> Task goal: Output only these lines, set down exactly: the one containing "Harmonia Paraszthaz Es" and each line after it through the end of the records.
Top of Extracted records
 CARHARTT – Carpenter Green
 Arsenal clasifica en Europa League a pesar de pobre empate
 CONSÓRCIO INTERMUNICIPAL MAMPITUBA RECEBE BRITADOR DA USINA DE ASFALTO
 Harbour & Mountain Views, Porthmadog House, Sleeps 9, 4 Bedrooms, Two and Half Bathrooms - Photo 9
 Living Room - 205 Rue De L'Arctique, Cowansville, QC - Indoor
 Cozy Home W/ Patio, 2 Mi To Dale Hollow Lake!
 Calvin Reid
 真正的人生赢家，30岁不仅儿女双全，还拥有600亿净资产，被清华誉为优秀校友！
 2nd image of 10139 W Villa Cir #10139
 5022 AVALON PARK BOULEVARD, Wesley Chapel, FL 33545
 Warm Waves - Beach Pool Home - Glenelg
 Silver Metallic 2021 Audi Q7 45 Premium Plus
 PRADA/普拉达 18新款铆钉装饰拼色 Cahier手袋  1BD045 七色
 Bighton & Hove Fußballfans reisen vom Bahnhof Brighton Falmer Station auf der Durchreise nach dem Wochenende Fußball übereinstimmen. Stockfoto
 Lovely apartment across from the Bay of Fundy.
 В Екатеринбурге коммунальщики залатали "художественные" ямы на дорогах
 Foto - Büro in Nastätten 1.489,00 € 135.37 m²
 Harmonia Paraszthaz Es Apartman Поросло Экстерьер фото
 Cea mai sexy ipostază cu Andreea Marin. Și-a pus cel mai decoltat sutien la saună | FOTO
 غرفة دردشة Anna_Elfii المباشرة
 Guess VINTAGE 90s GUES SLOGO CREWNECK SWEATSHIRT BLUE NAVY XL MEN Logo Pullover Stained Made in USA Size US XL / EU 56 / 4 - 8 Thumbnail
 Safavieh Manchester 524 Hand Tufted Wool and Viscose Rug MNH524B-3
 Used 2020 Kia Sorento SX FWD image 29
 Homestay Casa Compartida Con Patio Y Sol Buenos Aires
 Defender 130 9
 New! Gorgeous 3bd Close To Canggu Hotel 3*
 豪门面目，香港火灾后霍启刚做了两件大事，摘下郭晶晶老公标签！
Bottom of Extracted records
> Written solution:
 Harmonia Paraszthaz Es Apartman Поросло Экстерьер фото
 Cea mai sexy ipostază cu Andreea Marin. Și-a pus cel mai decoltat sutien la saună | FOTO
 غرفة دردشة Anna_Elfii المباشرة
 Guess VINTAGE 90s GUES SLOGO CREWNECK SWEATSHIRT BLUE NAVY XL MEN Logo Pullover Stained Made in USA Size US XL / EU 56 / 4 - 8 Thumbnail
 Safavieh Manchester 524 Hand Tufted Wool and Viscose Rug MNH524B-3
 Used 2020 Kia Sorento SX FWD image 29
 Homestay Casa Compartida Con Patio Y Sol Buenos Aires
 Defender 130 9
 New! Gorgeous 3bd Close To Canggu Hotel 3*
 豪门面目，香港火灾后霍启刚做了两件大事，摘下郭晶晶老公标签！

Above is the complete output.